AI-Assisted Product Spec to Engineering Execution
An example workflow for turning ambiguous product ideas into execution-ready engineering plans with AI support
The Challenge
Teams often lose momentum between idea and implementation. A product request may start as a short roadmap note, then spread across tickets, chat, and review comments. Engineers receive incomplete context, and acceptance criteria stay fuzzy until late in the cycle.
This causes predictable issues:
- Story estimates swing because scope is unclear.
- First pull requests solve the wrong problem variant.
- Review cycles focus on requirement interpretation instead of technical quality.
- Delivery dates slip due to repeated clarification loops.
The core problem is not a lack of engineering skill. The problem is translation quality between product intent and execution detail. This use case frames AI as a planning copilot for shaping requirements and producing a build-ready plan before coding starts.
Suggested Workflow
Use a three-pass workflow that separates intent, implementation, and risk validation:
- Intent pass (ChatGPT / GPT-5): convert a rough feature idea into a structured brief with user outcomes, non-goals, constraints, and measurable success criteria.
- Execution pass (OpenAI Codex + Cursor): generate a file-level implementation map, task breakdown, and definition-of-done checklist tied to acceptance criteria.
- Challenge pass (Claude Opus): stress-test assumptions, detect missing edge cases, and mark ambiguous requirements that need human decisions.
The workflow should produce a single planning packet before coding begins:
- problem statement
- acceptance criteria
- files likely to change
- risk register
- test plan
Implementation Blueprint
Create a reusable planning template in the repository and run this sequence for each medium or large feature request:
Input:
- product brief or ticket
- current architecture notes
- non-functional constraints (latency, privacy, compliance)
Output:
1) execution-ready mini spec
2) task graph with dependencies
3) test strategy mapped to acceptance criteria
4) open questions that require product/tech decision
Recommended operating pattern:
- Start with GPT-5 to rewrite feature intent in plain language and list assumptions.
- Use Codex to propose concrete file changes and sequencing.
- Use Claude Code to evaluate repository fit and naming consistency.
- Run Claude Opus as a red-team pass for requirement gaps.
Example planning prompt:
You are planning implementation for an Astro + React + TypeScript project.
Return:
1) acceptance criteria (testable)
2) file-level change plan
3) edge cases and failure modes
4) test matrix (unit/integration/e2e where relevant)
5) rollout and rollback notes
Flag unknowns that need human decision.
Gating checks before implementation:
- Every acceptance criterion must be objectively testable.
- Every critical edge case must have at least one validation step.
- Unknowns must be explicitly assigned to owner roles.
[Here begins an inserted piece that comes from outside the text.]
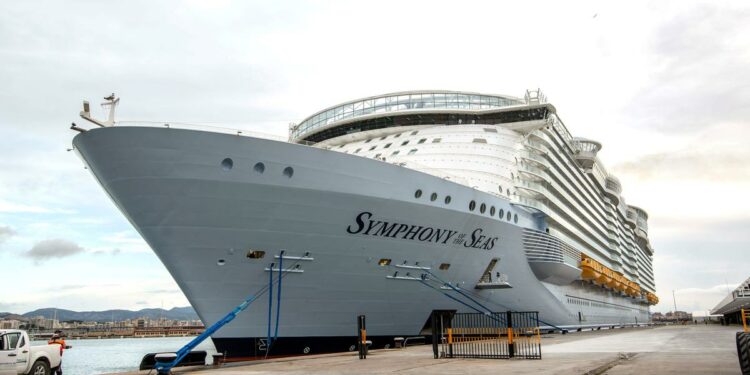 Royal Caribbean suspende sus viajes a Puerto Rico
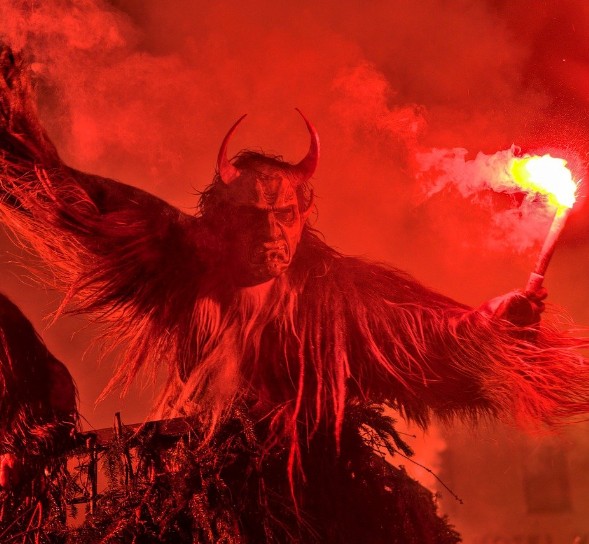 průvod masek a kostýmů Krampus v Rakousku. Zájetdy na Krampusy a Krampusáky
Potential Results & Impact
When teams use this flow consistently, planning quality improves before code is written. The most visible gains usually come from fewer requirement misunderstandings and a smoother path to first pull request.
Track this:
- time from idea intake to execution-ready spec
- number of requirement clarification comments after first PR
- first-PR rework rate tied to missed acceptance criteria
- planning-to-build handoff time
- percentage of tickets with explicit risk and rollback notes
Expected outcome pattern:
- faster transition from product discovery to implementation start
- fewer review comments about missing scope details
- better predictability in sprint commitments
Long-term value compounds as teams reuse the same planning packet format.
Risks & Guardrails
Common failure modes:
- AI output looks complete but hides unstated assumptions.
- Acceptance criteria become verbose but not testable.
- Planning prompts overfit to happy-path behavior.
- Teams skip human alignment because the plan appears polished.
Guardrails:
- Require a human product owner and engineering lead sign-off on the mini spec.
- Mark every assumption with confidence level and owner.
- Add an explicit “what would make this plan wrong?” section.
- Keep one source-of-truth planning doc per feature to prevent drift.
- Treat AI planning output as draft material, never final authority.
Safety practice for high-impact features:
- run a second-model challenge pass before implementation begins
- enforce rollback readiness as part of planning completion, not release day
Tools & Models Referenced
- OpenAI Codex (
openai-codex): Converts structured requirements into implementation-oriented plans and task sequencing. - Cursor (
cursor): Helps turn plans into editor-friendly execution checklists and scoped coding tasks. - Claude Code (
claude-code): Repository-aware validation for file conventions and architectural fit. - GPT-5 (
gpt-5): Strong at intent clarification, assumption extraction, and acceptance-criteria drafting. - GPT-5 Codex (
gpt-5-codex): Useful for file-level planning, test scaffolding suggestions, and dependency-aware breakdowns. - Claude Opus 4.6 (
claude-opus-4-6): Independent challenge pass for ambiguity detection and risk-oriented critique.